WHAT THE EXERCISE ASKS: Search the entries below for the word "Photo" and copy every line where it appears.

EXERCISE INPUTS:
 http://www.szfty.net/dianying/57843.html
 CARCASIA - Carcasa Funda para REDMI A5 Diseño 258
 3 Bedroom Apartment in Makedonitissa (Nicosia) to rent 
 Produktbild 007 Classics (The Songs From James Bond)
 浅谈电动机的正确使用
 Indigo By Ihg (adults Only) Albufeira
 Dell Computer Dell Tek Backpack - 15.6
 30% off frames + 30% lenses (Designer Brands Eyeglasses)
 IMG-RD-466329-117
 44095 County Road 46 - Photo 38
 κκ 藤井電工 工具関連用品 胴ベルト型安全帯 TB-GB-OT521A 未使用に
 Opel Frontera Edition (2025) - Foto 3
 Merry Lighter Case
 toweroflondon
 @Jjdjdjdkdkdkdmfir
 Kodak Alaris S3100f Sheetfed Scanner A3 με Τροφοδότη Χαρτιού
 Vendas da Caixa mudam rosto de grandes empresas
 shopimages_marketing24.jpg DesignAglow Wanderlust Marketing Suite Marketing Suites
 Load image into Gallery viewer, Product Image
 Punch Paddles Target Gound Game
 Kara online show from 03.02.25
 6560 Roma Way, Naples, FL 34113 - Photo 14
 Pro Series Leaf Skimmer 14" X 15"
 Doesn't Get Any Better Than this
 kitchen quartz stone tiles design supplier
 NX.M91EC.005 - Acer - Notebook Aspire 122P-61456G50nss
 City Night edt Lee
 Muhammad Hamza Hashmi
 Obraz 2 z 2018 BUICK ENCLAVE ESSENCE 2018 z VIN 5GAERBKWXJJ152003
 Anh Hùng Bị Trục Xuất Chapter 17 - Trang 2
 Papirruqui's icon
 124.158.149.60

ANSWER BOX:
 44095 County Road 46 - Photo 38
 6560 Roma Way, Naples, FL 34113 - Photo 14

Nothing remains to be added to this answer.